The former pilgrims’ hostel St. Florian near Laag/Laghetti in the municipality of Neumarkt/Egna is one of the locations where Bolzano/Bozen-born director Maura Delpero’s new film is being shot. Vermiglio o la sposa di montagna tells a story set apart from the fronts of the Second World War that is both shocking and touching.
Far from the next residential area in the middle of the woods, the former hostel which used to shelter pilgrims on their way to Rome seems like a haunted, enchanted place. Producer Francesca Andreoli walks up a creaking flight of wooden stairs to the first floor of the “Klösterle”, the “little monastery”—the affectionate moniker the locals have bestowed on the St.

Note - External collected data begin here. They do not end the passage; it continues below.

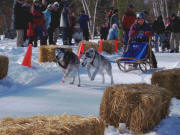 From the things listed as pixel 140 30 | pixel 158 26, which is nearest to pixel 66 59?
pixel 140 30

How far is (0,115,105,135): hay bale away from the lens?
2033mm

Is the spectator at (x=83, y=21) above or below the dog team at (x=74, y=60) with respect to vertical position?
above

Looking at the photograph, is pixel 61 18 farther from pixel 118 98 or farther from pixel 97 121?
pixel 97 121

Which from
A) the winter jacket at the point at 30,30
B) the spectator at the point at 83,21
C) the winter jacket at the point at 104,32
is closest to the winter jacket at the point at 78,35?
the spectator at the point at 83,21

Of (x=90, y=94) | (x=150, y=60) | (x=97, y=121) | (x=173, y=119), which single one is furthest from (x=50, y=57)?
(x=97, y=121)

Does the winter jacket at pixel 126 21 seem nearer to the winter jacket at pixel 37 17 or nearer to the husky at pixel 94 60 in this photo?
the winter jacket at pixel 37 17

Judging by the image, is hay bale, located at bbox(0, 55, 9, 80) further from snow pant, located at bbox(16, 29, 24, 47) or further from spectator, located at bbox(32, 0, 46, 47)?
spectator, located at bbox(32, 0, 46, 47)

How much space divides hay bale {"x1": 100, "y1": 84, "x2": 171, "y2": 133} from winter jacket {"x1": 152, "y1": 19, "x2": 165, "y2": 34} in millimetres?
12536

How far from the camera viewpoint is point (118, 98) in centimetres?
352

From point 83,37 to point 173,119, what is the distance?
39.6ft

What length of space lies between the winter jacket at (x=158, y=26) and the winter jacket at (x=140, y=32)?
7.62 meters

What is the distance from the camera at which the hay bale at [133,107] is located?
3.36 m

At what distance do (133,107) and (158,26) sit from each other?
42.7 feet

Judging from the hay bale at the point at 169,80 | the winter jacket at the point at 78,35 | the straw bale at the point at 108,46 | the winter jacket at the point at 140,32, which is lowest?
the hay bale at the point at 169,80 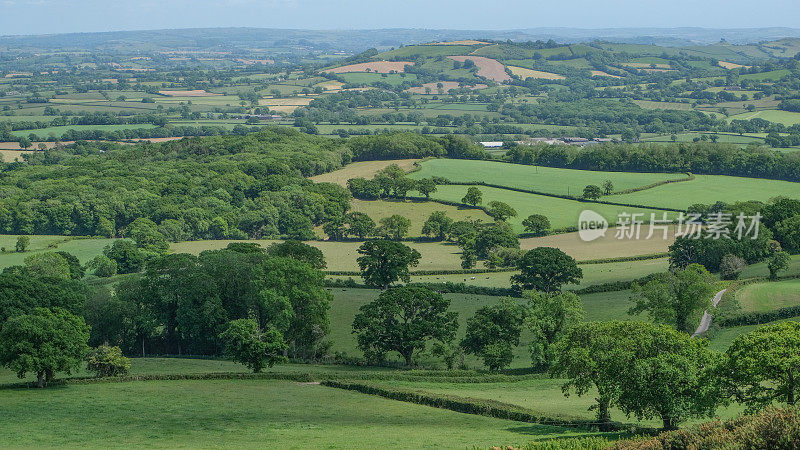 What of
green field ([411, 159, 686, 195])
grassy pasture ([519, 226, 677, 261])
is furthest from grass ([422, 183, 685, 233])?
grassy pasture ([519, 226, 677, 261])

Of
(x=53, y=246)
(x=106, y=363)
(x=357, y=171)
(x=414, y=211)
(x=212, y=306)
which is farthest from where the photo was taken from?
(x=357, y=171)

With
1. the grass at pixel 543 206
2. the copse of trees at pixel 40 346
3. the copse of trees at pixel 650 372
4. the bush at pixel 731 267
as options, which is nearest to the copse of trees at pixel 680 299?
the bush at pixel 731 267

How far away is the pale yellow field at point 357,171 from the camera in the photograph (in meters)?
136

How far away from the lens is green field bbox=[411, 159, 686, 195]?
409 ft

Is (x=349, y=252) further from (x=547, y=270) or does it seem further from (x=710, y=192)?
(x=710, y=192)

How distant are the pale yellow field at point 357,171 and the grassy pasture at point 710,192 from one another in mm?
40498

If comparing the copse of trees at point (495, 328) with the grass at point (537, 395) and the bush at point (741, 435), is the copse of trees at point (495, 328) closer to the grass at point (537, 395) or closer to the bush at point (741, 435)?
the grass at point (537, 395)

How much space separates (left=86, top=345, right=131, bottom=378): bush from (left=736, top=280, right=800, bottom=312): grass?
4405 cm

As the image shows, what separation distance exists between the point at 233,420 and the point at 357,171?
10377cm

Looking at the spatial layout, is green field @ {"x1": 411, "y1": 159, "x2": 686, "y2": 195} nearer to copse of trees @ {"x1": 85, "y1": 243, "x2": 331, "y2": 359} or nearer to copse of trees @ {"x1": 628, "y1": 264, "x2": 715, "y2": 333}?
copse of trees @ {"x1": 628, "y1": 264, "x2": 715, "y2": 333}

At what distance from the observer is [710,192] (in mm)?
117125

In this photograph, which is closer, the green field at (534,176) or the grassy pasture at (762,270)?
the grassy pasture at (762,270)

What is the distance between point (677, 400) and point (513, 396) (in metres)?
12.1

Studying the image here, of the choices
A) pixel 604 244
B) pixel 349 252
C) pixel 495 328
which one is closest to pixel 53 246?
pixel 349 252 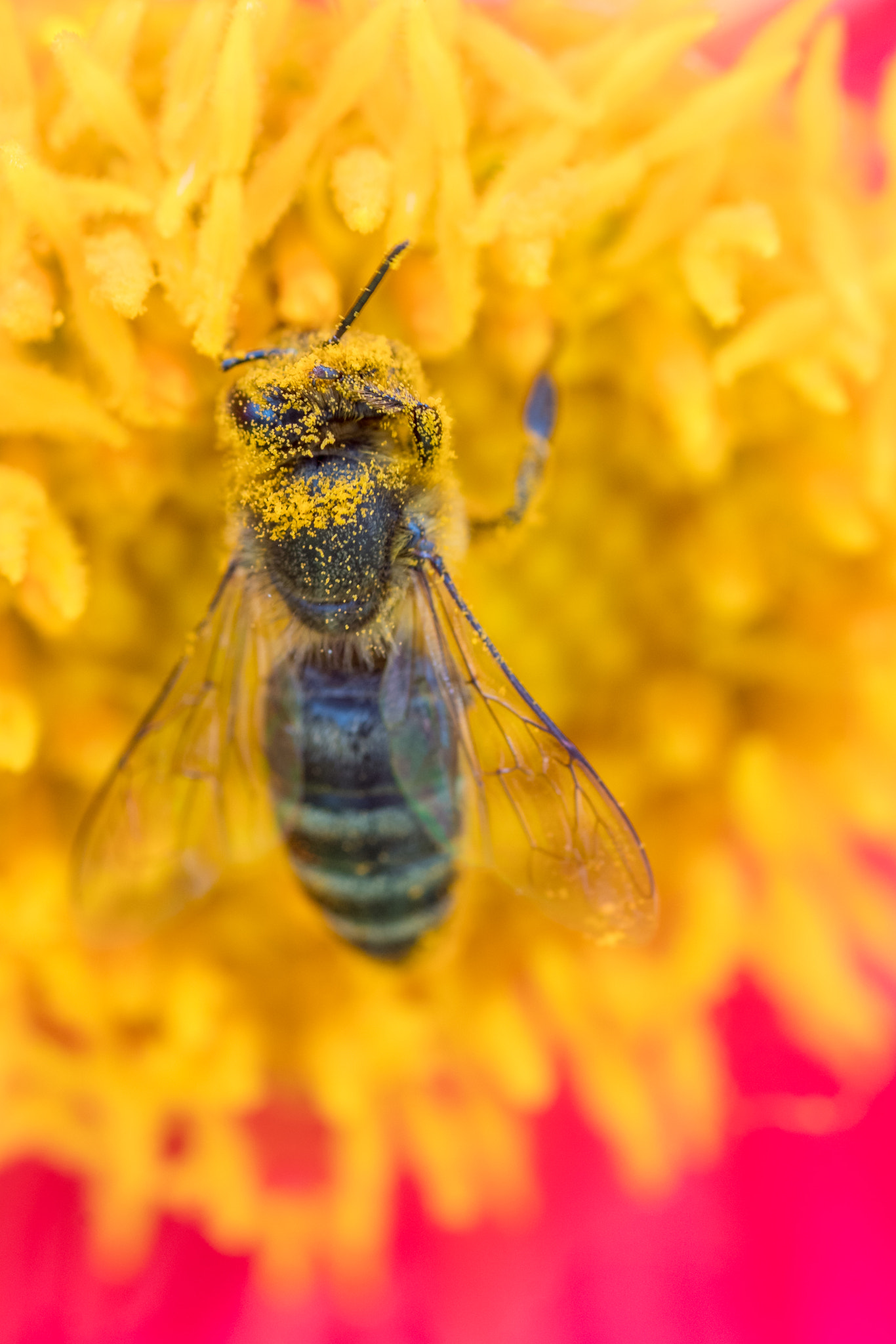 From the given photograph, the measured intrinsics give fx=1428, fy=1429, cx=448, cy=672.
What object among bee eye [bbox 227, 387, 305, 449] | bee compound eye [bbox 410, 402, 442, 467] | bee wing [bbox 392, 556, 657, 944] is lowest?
bee wing [bbox 392, 556, 657, 944]

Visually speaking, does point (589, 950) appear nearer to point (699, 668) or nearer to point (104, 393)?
point (699, 668)

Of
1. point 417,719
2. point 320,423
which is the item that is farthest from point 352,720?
point 320,423

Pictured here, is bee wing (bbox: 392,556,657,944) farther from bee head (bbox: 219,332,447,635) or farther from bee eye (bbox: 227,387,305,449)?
bee eye (bbox: 227,387,305,449)

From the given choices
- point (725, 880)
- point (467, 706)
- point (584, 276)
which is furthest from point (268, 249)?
point (725, 880)

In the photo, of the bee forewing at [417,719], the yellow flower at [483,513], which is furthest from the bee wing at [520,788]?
the yellow flower at [483,513]

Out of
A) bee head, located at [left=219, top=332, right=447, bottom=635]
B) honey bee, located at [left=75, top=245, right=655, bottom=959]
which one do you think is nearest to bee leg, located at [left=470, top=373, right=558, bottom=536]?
honey bee, located at [left=75, top=245, right=655, bottom=959]

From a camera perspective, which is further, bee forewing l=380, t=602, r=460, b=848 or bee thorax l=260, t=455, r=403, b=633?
bee forewing l=380, t=602, r=460, b=848

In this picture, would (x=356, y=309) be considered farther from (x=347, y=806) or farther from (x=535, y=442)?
(x=347, y=806) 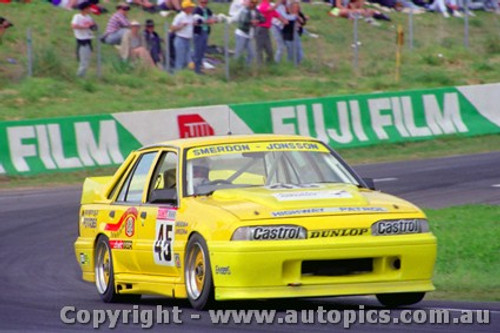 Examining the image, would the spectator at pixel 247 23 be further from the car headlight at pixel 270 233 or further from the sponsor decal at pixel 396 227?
the car headlight at pixel 270 233

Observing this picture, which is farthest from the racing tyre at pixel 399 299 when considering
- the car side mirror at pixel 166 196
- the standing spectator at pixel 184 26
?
the standing spectator at pixel 184 26

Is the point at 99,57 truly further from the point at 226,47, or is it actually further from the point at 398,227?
the point at 398,227

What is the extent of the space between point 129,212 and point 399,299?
2320mm

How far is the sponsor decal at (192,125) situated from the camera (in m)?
22.9

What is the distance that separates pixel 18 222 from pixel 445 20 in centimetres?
2201

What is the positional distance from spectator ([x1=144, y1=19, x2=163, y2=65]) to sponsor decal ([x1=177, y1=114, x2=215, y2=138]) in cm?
404

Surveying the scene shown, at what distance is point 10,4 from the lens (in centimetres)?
3055

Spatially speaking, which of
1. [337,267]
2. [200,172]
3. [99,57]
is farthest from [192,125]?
[337,267]

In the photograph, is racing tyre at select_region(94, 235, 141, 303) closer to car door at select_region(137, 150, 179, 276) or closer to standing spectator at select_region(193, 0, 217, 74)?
car door at select_region(137, 150, 179, 276)

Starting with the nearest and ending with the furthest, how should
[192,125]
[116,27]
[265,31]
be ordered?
1. [192,125]
2. [116,27]
3. [265,31]

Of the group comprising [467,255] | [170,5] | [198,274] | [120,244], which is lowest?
[170,5]

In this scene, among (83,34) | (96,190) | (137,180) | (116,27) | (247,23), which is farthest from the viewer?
(247,23)

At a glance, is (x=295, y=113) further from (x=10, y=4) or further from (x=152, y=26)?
(x=10, y=4)

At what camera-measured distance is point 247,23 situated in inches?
1090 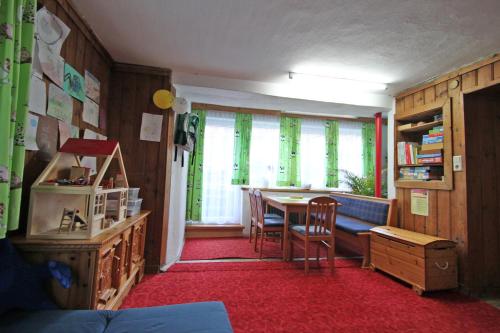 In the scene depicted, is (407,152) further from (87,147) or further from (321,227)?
(87,147)

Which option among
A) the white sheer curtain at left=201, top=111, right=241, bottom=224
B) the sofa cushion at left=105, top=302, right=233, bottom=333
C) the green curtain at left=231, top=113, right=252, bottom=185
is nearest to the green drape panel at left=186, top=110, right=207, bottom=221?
the white sheer curtain at left=201, top=111, right=241, bottom=224

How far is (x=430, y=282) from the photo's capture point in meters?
2.18

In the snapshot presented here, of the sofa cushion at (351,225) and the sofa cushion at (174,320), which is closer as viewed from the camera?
the sofa cushion at (174,320)

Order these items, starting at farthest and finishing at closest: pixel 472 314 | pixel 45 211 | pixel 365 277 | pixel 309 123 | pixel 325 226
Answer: pixel 309 123 → pixel 325 226 → pixel 365 277 → pixel 472 314 → pixel 45 211

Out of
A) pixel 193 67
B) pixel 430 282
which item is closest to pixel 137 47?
pixel 193 67

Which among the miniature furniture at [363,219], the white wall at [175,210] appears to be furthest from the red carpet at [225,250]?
the miniature furniture at [363,219]

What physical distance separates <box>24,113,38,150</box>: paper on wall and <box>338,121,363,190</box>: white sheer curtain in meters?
4.63

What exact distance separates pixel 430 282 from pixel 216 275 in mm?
2054

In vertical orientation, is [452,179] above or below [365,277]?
above

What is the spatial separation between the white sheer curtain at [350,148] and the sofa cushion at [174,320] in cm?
420

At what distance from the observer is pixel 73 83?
180 centimetres

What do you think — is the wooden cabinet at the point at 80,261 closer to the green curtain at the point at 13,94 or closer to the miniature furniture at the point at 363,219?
the green curtain at the point at 13,94

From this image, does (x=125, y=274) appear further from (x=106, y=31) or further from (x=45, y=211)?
(x=106, y=31)

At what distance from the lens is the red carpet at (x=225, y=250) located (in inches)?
124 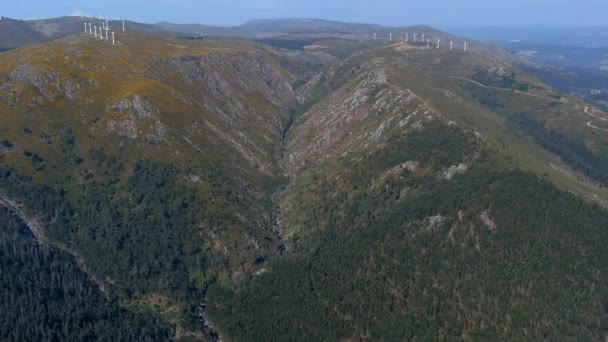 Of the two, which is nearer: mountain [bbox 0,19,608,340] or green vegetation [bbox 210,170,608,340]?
green vegetation [bbox 210,170,608,340]

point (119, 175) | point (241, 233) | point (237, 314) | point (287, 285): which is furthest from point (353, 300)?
point (119, 175)

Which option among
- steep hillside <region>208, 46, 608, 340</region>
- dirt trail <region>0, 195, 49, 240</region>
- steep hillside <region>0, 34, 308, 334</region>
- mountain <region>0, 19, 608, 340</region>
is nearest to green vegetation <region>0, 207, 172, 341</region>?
mountain <region>0, 19, 608, 340</region>

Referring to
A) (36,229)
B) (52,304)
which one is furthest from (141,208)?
(52,304)

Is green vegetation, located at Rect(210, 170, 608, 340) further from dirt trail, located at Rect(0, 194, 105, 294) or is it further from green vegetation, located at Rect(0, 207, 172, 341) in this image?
dirt trail, located at Rect(0, 194, 105, 294)

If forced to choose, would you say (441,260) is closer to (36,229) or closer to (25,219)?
(36,229)

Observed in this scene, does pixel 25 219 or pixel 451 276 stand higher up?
pixel 451 276

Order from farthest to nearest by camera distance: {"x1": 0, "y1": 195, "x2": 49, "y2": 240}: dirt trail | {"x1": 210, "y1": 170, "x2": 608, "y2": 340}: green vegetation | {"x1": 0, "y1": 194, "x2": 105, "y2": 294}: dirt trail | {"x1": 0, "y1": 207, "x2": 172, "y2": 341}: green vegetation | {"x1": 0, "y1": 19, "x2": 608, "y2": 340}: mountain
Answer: {"x1": 0, "y1": 195, "x2": 49, "y2": 240}: dirt trail, {"x1": 0, "y1": 194, "x2": 105, "y2": 294}: dirt trail, {"x1": 0, "y1": 207, "x2": 172, "y2": 341}: green vegetation, {"x1": 0, "y1": 19, "x2": 608, "y2": 340}: mountain, {"x1": 210, "y1": 170, "x2": 608, "y2": 340}: green vegetation

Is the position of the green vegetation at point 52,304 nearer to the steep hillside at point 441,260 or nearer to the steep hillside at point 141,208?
the steep hillside at point 141,208

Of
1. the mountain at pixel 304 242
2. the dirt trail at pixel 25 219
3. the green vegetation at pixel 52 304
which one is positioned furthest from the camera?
the dirt trail at pixel 25 219

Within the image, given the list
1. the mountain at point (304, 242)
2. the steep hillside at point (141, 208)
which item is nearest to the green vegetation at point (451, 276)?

Florian hostel. It is dark up here. The tiny windows barely allow in any light. On this cold November day, the cold seeps in relentlessly through the old brickwork. Boxes full of dolls and baby clothes are scattered everywhere; a candlestick; some standing microphones. A baby is being breastfed in a corner; some crew members are sipping tea from mugs.
“Silenzio!” The commanding tone of a woman’s voice makes everyone in the room hold their breath. A small monitor shows the goings-on in the next room. “Il monastero”, is Francesca Andreoli’s whispered explanation. The monitor shows an unfurnished room. Several small latticed bedsteads are lined up by the window. A nun dressed all in white enters the frame, carefully walks over to one of the baby beds, a baby wrapped in blankets in her arms. Suddenly a scream pierces the air. Turmoil ensues. “Stooop!” It looks like somebody was not in the mood for the camera right now. Other babies begin to cry now, too. Their mothers rush to their beds to calm them down. They are all locals who were hired for the morning. Ten minutes later, the shooting can continue. There will be several more attempts necessary this morning before the scene with the nun and her small niece Antonia is a wrap. A quiet scene, and a memorable moment in the film. “A moment that goes deep”, says the producer.
A family and a touching story
Vermiglio o la sposa di montagna is set towards the end of the Second World War. The three sisters Ada, Flavia, and Lucia grow up in the small mountain village of Vermiglio in the Trentino area. While no longer children, they are still young and inexperienced. They form a sworn community in a family where other siblings exist—until the fateful year 1944, when everything changes and the story eventually takes us all the way to Sicily. Director Maura Delpero will not give away any further details of the plot as she takes a moment during a break in shooting to sit down for an interview. Vermiglio o la sposa di montagna is inspired by Delpero’s own family history. It is set in places that played a role in her father’s life and picks up on some elements from real life—her grandfather, for example, was the village teacher, just like the father in the film. “When my father died in 2019, I started remembering things I had heard about in stories”, says Maura Delpero. “I didn’t want this part of history to get lost, so I did some research. I didn’t plan for a film to come out of that. It came from my soul, a matter of the heart.”
Authentic locations
Most of the shooting is done in the Trentino region—on location in Vermiglio as well as the Tonale Pass—and in South Tyrol/Südtirol. Both the scenes set in the convent and those set in the Alpine hut, which was built in the building’s backyard for that purpose, are shot at the pilgrims’ hostel. Moreover, one room was transformed into a Sicilian landscape for a scene in which a sleeping Lucia dreams that she is in Sicily.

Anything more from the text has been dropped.